La douzaine perturbatrice

L’histoire est jonchée de technologies ayant à l’occasion été acclamées comme la panacée universelle. Cela peut devenir agaçant pour les consommateurs lorsqu’ils réalisent que, disons, la chaîne stéréo quadriphonique qu’ils viennent d’acquérir est un gaspillage d’argent. Mais lorsque les entreprises font le pari de mauvaises technologies, les conséquences peuvent être terribles pour elles.

Erik Brynjolfsson.

Vers la fin des années 90, par exemple, on pensait que les échanges B2B allaient devenir «l’appli massue» pour le commerce, et près de 1 500 d’entre eux ont été créés. La plupart ont depuis disparu, engloutissant des milliards de dollars d’investissements.
Pour contribuer à contrer le battage médiatique qui entoure l’arrivée de presque toutes les technologies, le McKinsey Global Institute (MGI) a étudié plus d’une centaine de technologies à évolution rapide et en a identifié douze qui devraient certainement perturber le statu quo dans les années à venir. Le MGI estime que l’impact annuel combiné de cette «douzaine perturbatrice» – dans des domaines tels que les technologies de l’information, les machines et les véhicules, l’énergie, les biosciences et les matériaux – devrait représenter 1400 à 3300 milliards de dollars en 2025. Une grande part de cette valeur – et dans de nombreux cas, une majorité substantielle – profitera aux consommateurs.

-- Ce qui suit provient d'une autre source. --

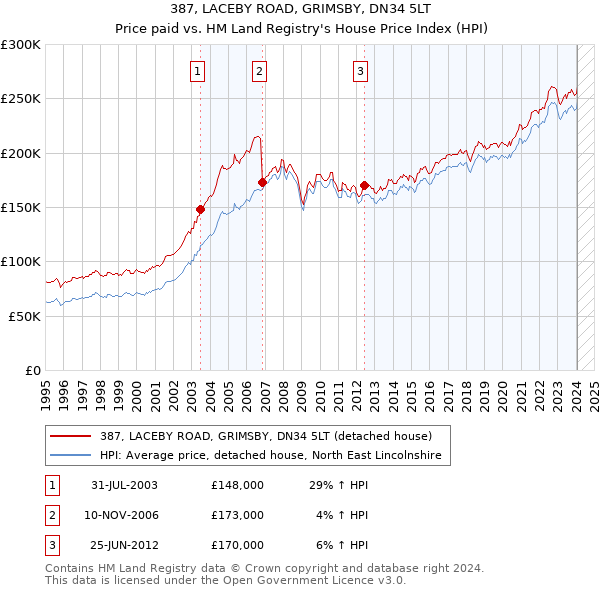 387, LACEBY ROAD, GRIMSBY, DN34 5LT: Price paid vs HM Land Registry's House Price Index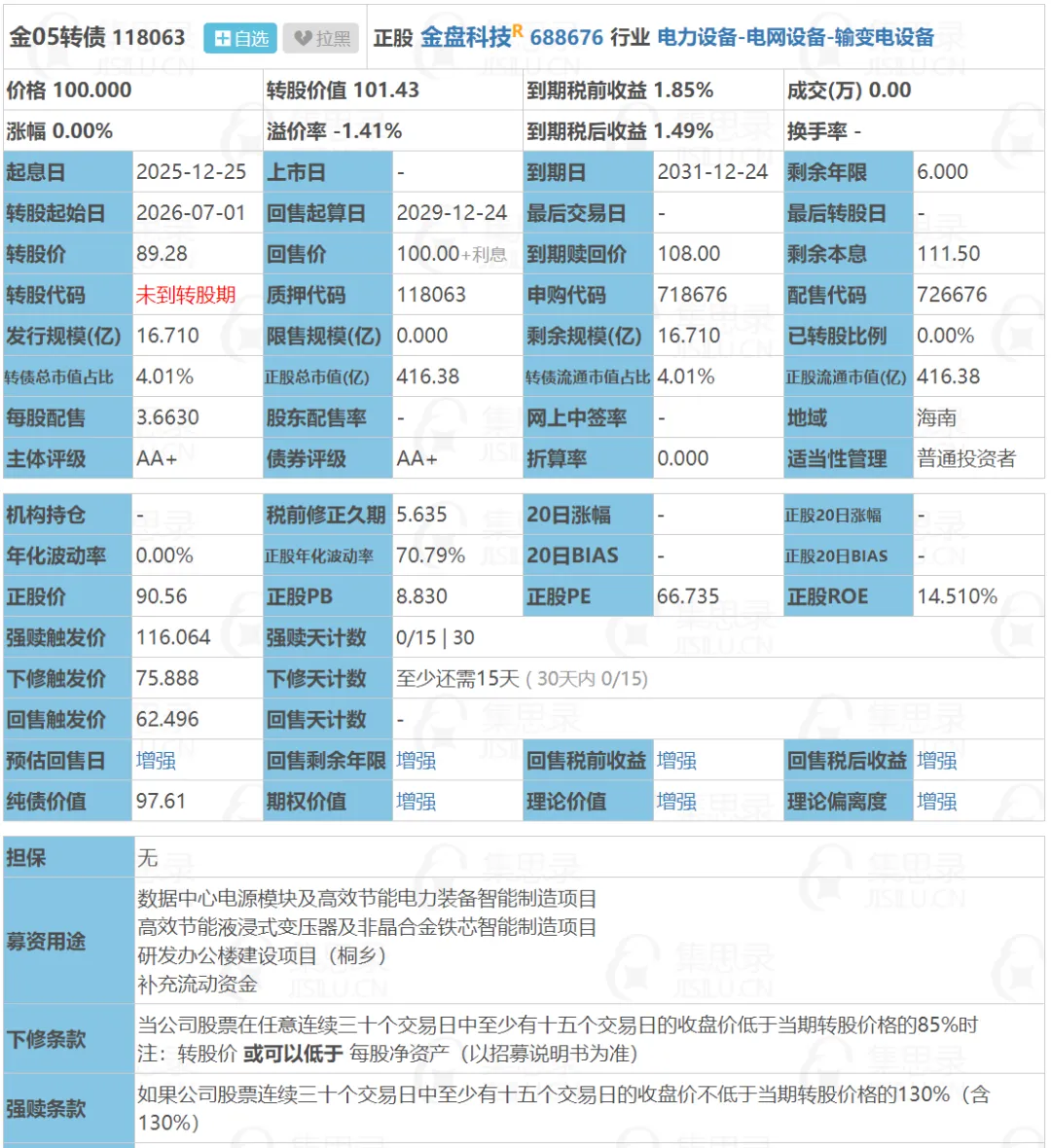金盘科技：16.72亿元可转债1月14日在上交所上市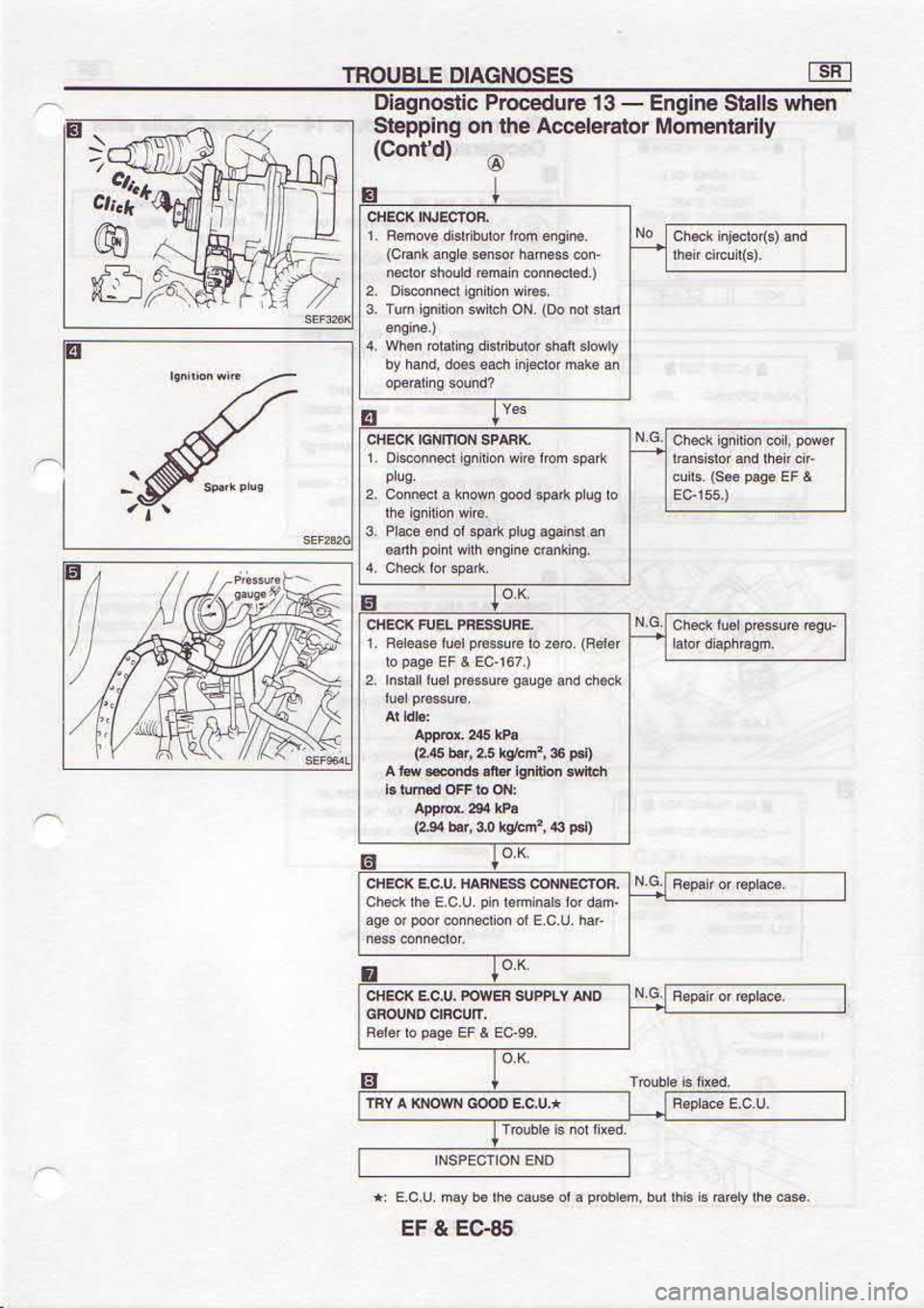 NISSAN SERENA 1993  Service Repair Manual 9a-c3 
? Jr
IHE$FuroN
u6q/r  slEls €u!6uf o 
(p.ruoc)
rolB,IoFccv  oqt uo oulddqs
-  e!  ernp€oord 
clsou6elo
{t 
{ 
n.u.F,t  0t iDc 
rc?l
{Fd  ee ,lutrt 
e? lrq 
9?)
(  1erc3  313 66ed 
or
€r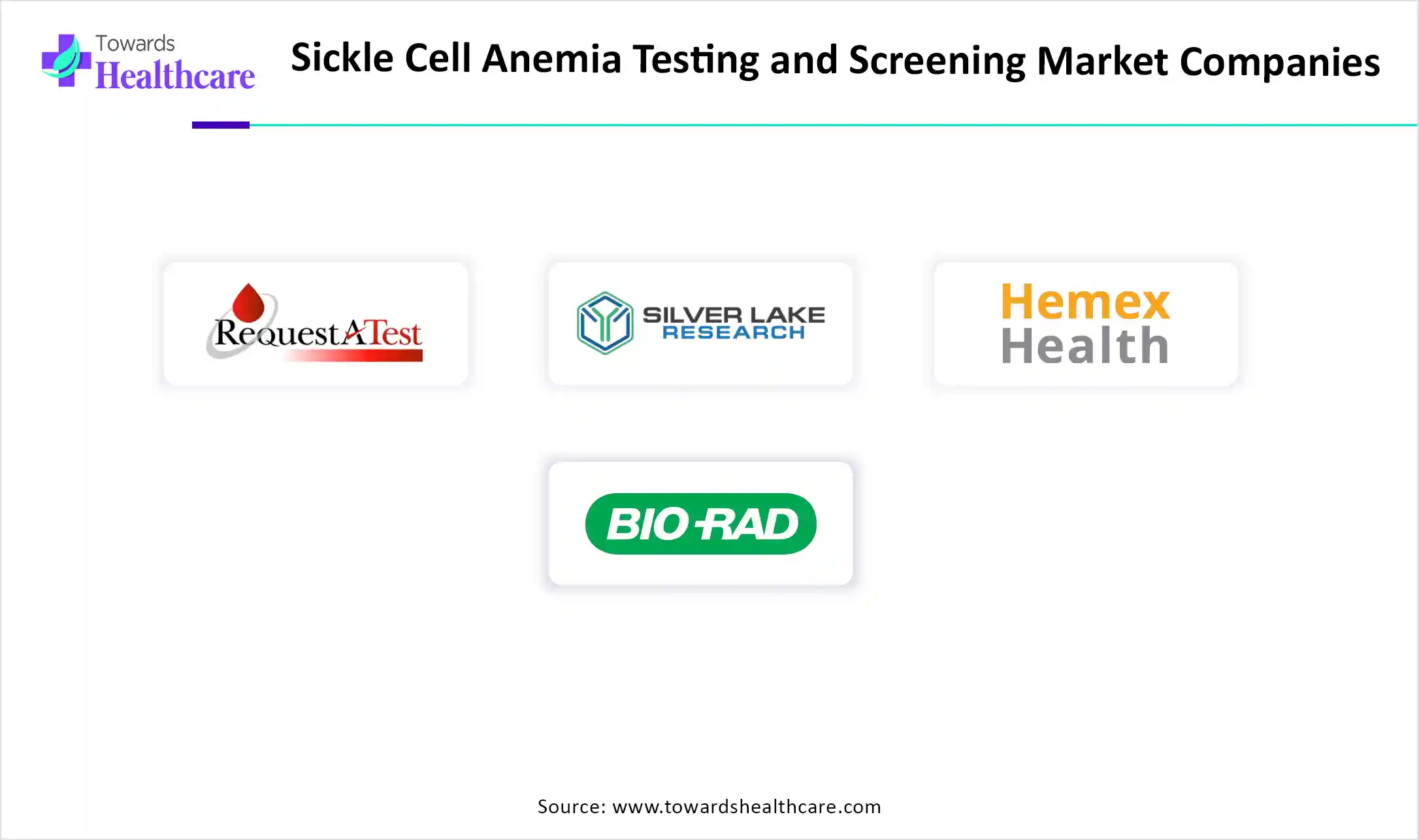 Sickle Cell Anemia Testing and Screening Market Companies Sickle Cell Anemia Testing and Screening Market Key Players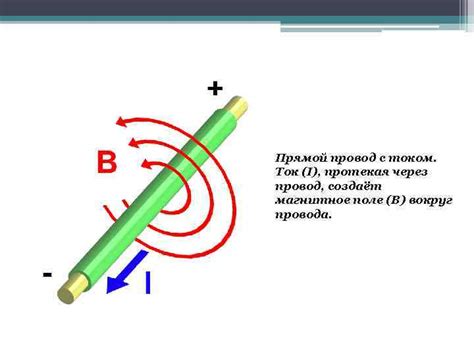 Ток через провод, образующий тороид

Prenons l’Internet mobile par exemple, dont on estime que l’impact économique annuel atteindra 1000 milliards de dollars en 2025. Les consommateurs des pays avancés continuent d’amasser les bénéfices d’un accès permanent à un nombre croissant d’informations, d’applis et de services en ligne, mais plus de deux milliards de citoyens des pays en développement pourraient avoir accès aux mêmes avantages résultant du progrès technologique dans le reste du monde. La valeur de ces bénéfices éclipserait celle susceptible d’être récoltée par les fournisseurs d’appareils mobiles et de services Internet.
Des évolutions de valeur axées sur les utilisateurs comparables sont à l’œuvre dans l’ensemble des domaines technologiques liés à l’Internet, y compris dans celles qui ne font pas partie de la dizaine perturbatrice. Par exemple, seule une petite fraction des mille milliards de dollars annuels estimés générés par les recherches sur Internet sont susceptibles de revenir aux fournisseurs d’accès.

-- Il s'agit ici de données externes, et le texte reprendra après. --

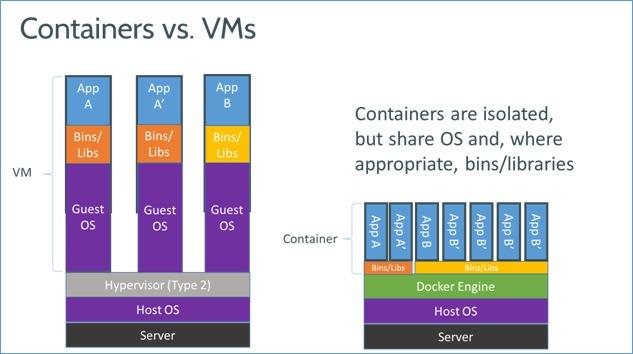 [Kubernetes] 基于Docker及Kubernetes技术构建容器云（PaaS）平台 - 图5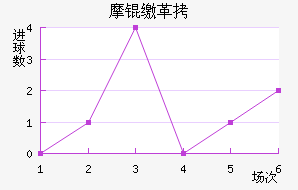 Ħ�ɸ��������������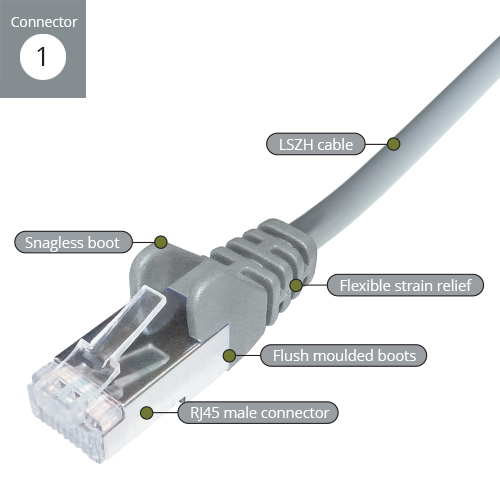 COMPUTER GEAR 2M CAT6A SSTP GREY LS0H CABLE 26AWG STRANDED MOULDED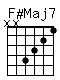Accord guitare F#Maj7 (xx4321)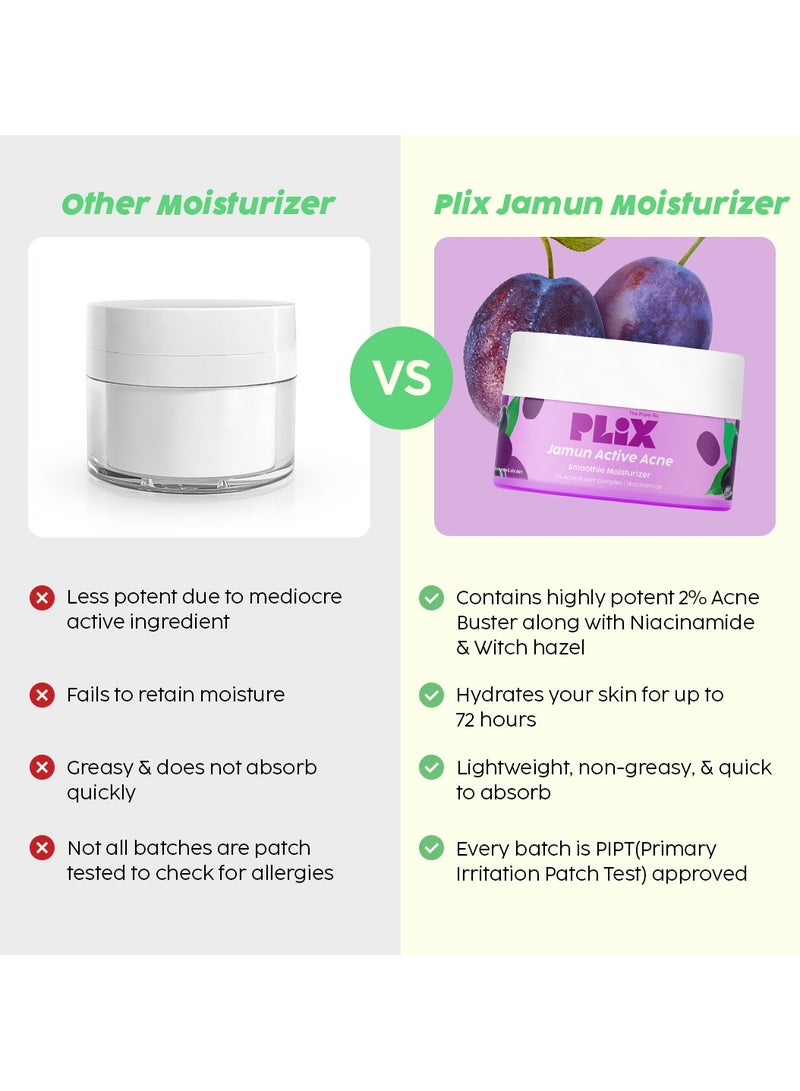 2% Niacinamide Jamun Moisturizer Reduce Pimples with 2% Acne Buster, for Oily and Acne Prone Skin, with Witch Hazel And Jamun Extract, 50g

Mais pour les travailleurs, les nouvelles ne sont pas toutes bonnes, avec le remplacement de l’homme par la machine dans un nombre croissant de domaines – bien au-delà de l’activité physique ou des tâches de bureau habituelles. Avec l’expansion de l’informatisation et les avancées dans le domaine des logiciels d’intelligence artificielle, les machines sont progressivement mieux capables d’effectuer des tâches complexes nécessitant une réflexion abstraite, comme d’inférer un sens et de formuler des jugements.
En conséquence, les entreprises commencent à automatiser plus de postes hautement qualifiés et fondés sur la connaissance dans des domaines tels que le droit et la médecine. Ce processus génèrera des sommes substantielles – plus de 500 milliards de dollars en 2025, selon les estimations du MGI –, mais qui ne seront pas réparties de manière égale entre les travailleurs, ce qui implique que certains devront se former à de nouveaux métiers.
Les entrepreneurs, les dirigeants comme les actionnaires sont confrontés à une incertitude comparable avec le changement des règles du jeu imposé par ces technologies perturbatrices qui réduisent les barrières et abaissent l’échelle d’exploitation minimale (le minimum de production requis pour le fonctionnement d’une entreprise tout en préservant l’intégralité des avantages d’économies d’échelle). L’impression en 3D permet par exemple aux start-up et aux petites entreprises «d’imprimer» des prototypes, des moules et des produits extrêmement complexes dans divers matériaux, sans outillage ni coût de réglage.
De même, l’informatique dématérialisée (cloud) donne aux petites entreprises des TI des possibilités qui n’étaient précédemment réservées qu’aux grandes entreprises – ainsi qu’un ensemble croissant de services administratifs – à bon marché. C’est un développement inopportun pour les fournisseurs de logiciels dont le modèle économique est fondé sur un principe de licences et des frais annuels de maintenance, et non sur l’usage de l’électricité. En effet, de nombreuses sociétés dans presque tous les domaines sont vulnérables, dans la mesure où les start-up sont mieux équipées, plus compétitives et capables, comme leurs aînées, d’atteindre les clients et les utilisateurs partout dans le monde.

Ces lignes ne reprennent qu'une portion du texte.